Adaptation is different. Adaptation is more akin to sampling, where you look at an original and think, "I like a piece of this. I will use a piece of this to make my creation more powerful."  Sometimes you take the underlying beat of the entire song and just put a shallow new layer on top of it (the Vanilla Ice / Queen controversy comes to mind).  Sometimes, though, you find a piece of one original work that comes and boosts your own work, producing an entirely new thing.  Consider Primitive Radio Gods'  Standing Outside A Broken Phone Booth With Money In My Hand, which everybody knows for the B.B. King sample.

In the second case everybody said, "Wow, that's a great song!"  In the first everybody said, "Dude, you completely ripped that off."  Big difference.  You have to bring enough of your own stuff to the party, and you have to acknowledge the contributions from the original, or you're going to get busted trying to ride somebody else's coattails.
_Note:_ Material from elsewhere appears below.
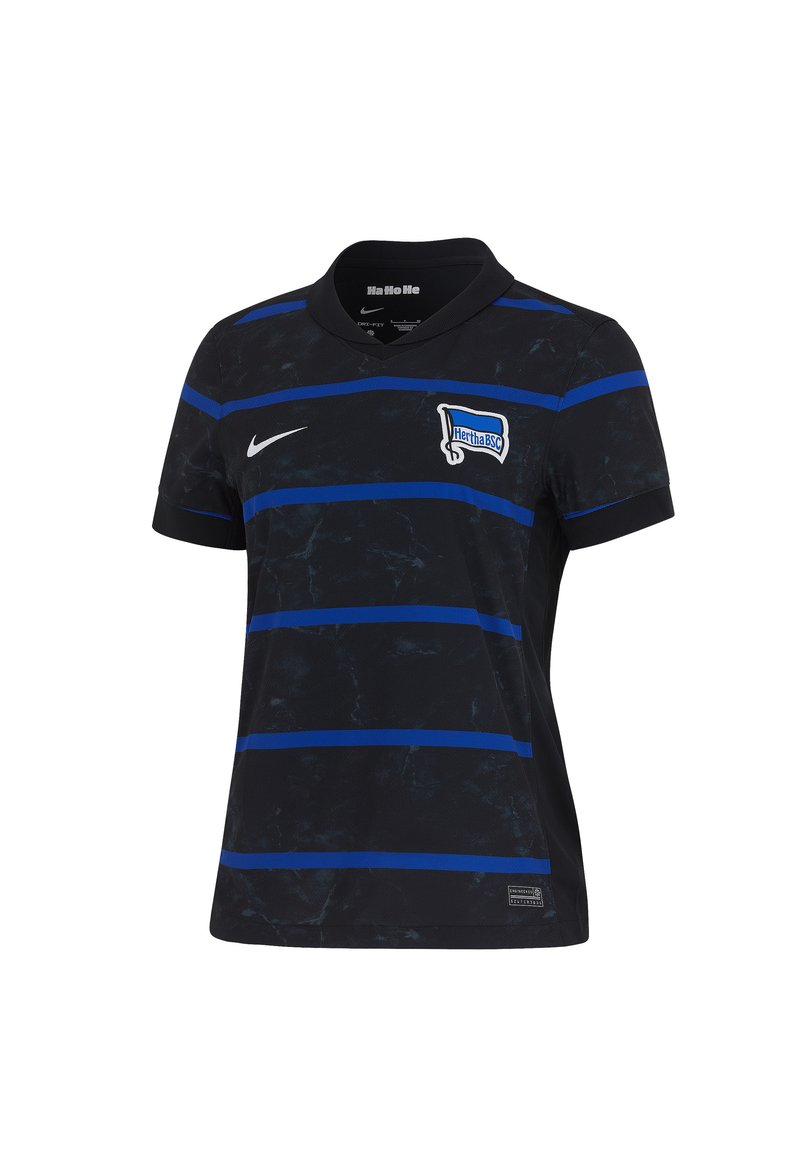 Nike Performance Voetbalshirt zwart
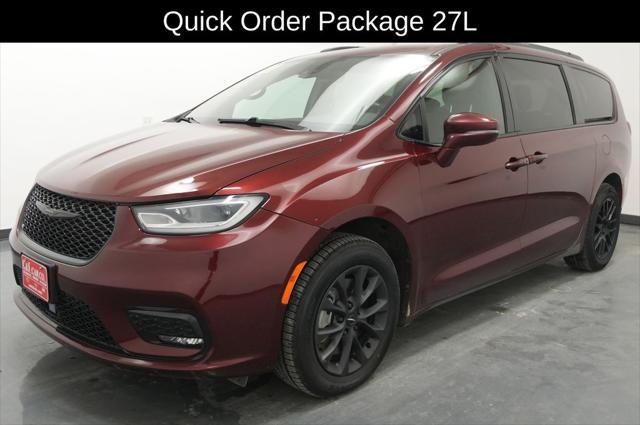 2021 Chrysler Pacifica Touring L AWD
Covers and samples are entirely different things with different points to make.  It drives me nuts when people make lists that combine the two, putting She's the Man next to Kenneth Branagh's Much Ado About Nothing.  Please stop.  Each can be artwork in its own way, but they are two very different things.

4 comments:

Anonymous said...

I'd agree that taking the story is very different from using the language, since hey, didn't Shakespeare take huge chunks of his stories from other sources?

Katie Feldman said...

On a more literal note (heheh see what I did there?) something I've always wanted to see is someone actually make remixes of Shakespeare speeches. So for instance to make an electronic track where the lyrics are samples from a particular soliloquy. I would do it myself but I don't (yet!) have the necessary skills. :]

amd5gg said...

well, the interpretation of any play is a "cover song" because it will always be different for every group of people performing! but especially in shakespeare because the audience has changed so much from the audience he was writing for, and we need to make his work resonante with modern audiences.

Meg said...

Hmmm. I think we need to clarify terminology : how adaptations are separate from filmed versions. I agree with the points you make.